On January 30, 2020, five federal regulatory agencies, the Commodity Futures Trading Commission, the Federal Deposit Insurance Corporation (“FDIC”), the Federal Reserve Board, the Office of the Comptroller of the Currency, and the Securities and Exchange Commission (together, the “Regulatory Agencies”), published a notice of proposed rulemaking (the “Proposed Rule”) to modify Section 619 of the Dodd-Frank Act, known as the Volcker Rule.
As currently constructed, the Volcker Rule prevents banking entities from acquiring or retaining ownership interests in or sponsoring “covered funds” such as hedge, venture capital and private equity funds. The Regulatory Agencies acknowledge that the implementing regulations of the Volcker Rule have created “compliance uncertainty” and have “imposed limits on certain banking services and activities that the Volcker rule was not intended to restrict.”
Previously, in November 2019, the Regulatory Agencies simplified the requirements for proprietary trading restrictions. Now, with the Proposed Rule, the Regulatory Agencies further aim to achieve three goals:
- To facilitate capital formation by allowing banking entities to invest in qualifying venture capital funds;
- To protect financial stability and safety by continuing to restrict banks from engaging in activities not currently permissible and by restricting certain transactions with covered funds; and
- To provide greater clarity as to what activities are permitted, with a focus on providing consistent treatment among “U.S. registered investment companies and their foreign equivalents” (for more information on these goals please view the fact sheet released by the FDIC, here).

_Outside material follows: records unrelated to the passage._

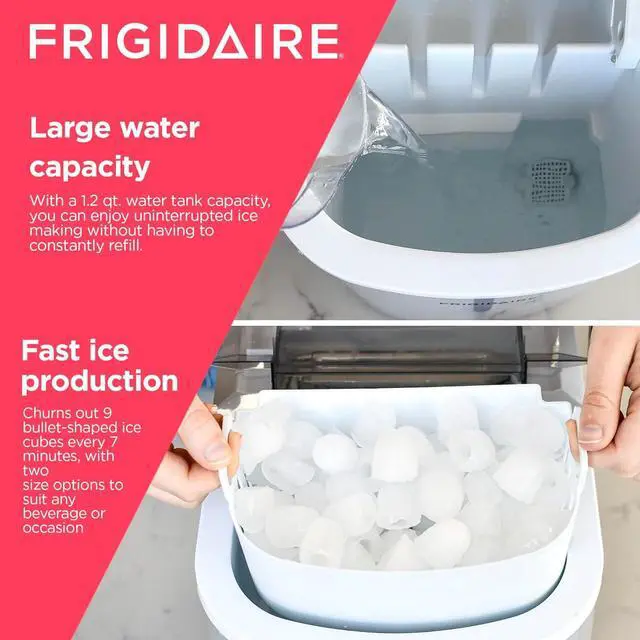 Alt view image 4 of 6 - FRIGIDAIRE EFIC189-Silver Compact Ice Maker, 26 lb per Day, Silver (Packaging May Vary)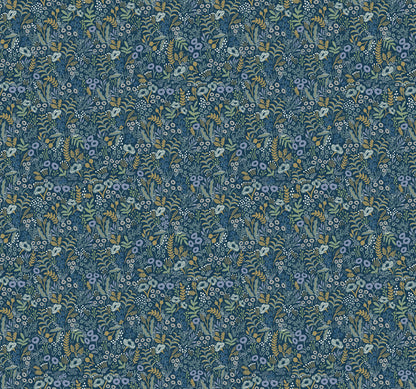 Rifle Paper Co. Tapestry Wallpaper - Indigo Blue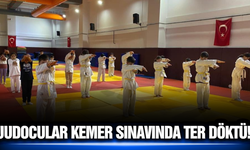 Salihli'de 250 judocu kemer atladı!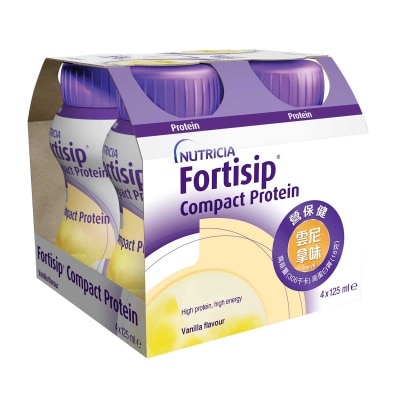 NUTRICIA FORTISIP Fortisip Vanilla Flavour 125ml X 4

The Proposed Rule hopes to achieve these goals by making the below changes the Volcker Rule:
- Excluding from the definition of “covered fund” credit funds, venture capital funds, family wealth management vehicles, and customer facilitation vehicles. Further, the Proposed Rule loosens certain restrictions to the existing “foreign public funds” exclusion and expands the “loan securitization vehicle” exclusion to allow loan securitization vehicles to hold up to 5% of assets in non-loan assets;
- Clarifying that the Small Business Investment Company (“SBIC”) exclusion would apply to issuers who voluntarily surrender their SBIC license during a wind-down period, provided that no new investments are made;
- Allowing banking entities to engage in a limited set of covered transactions with a covered fund that is sponsored by, advised by, or has some certain other relationship with, the fund; and
- Creating a safe harbor for bona fide senior loans and senior instruments from the definition of “ownership interest.”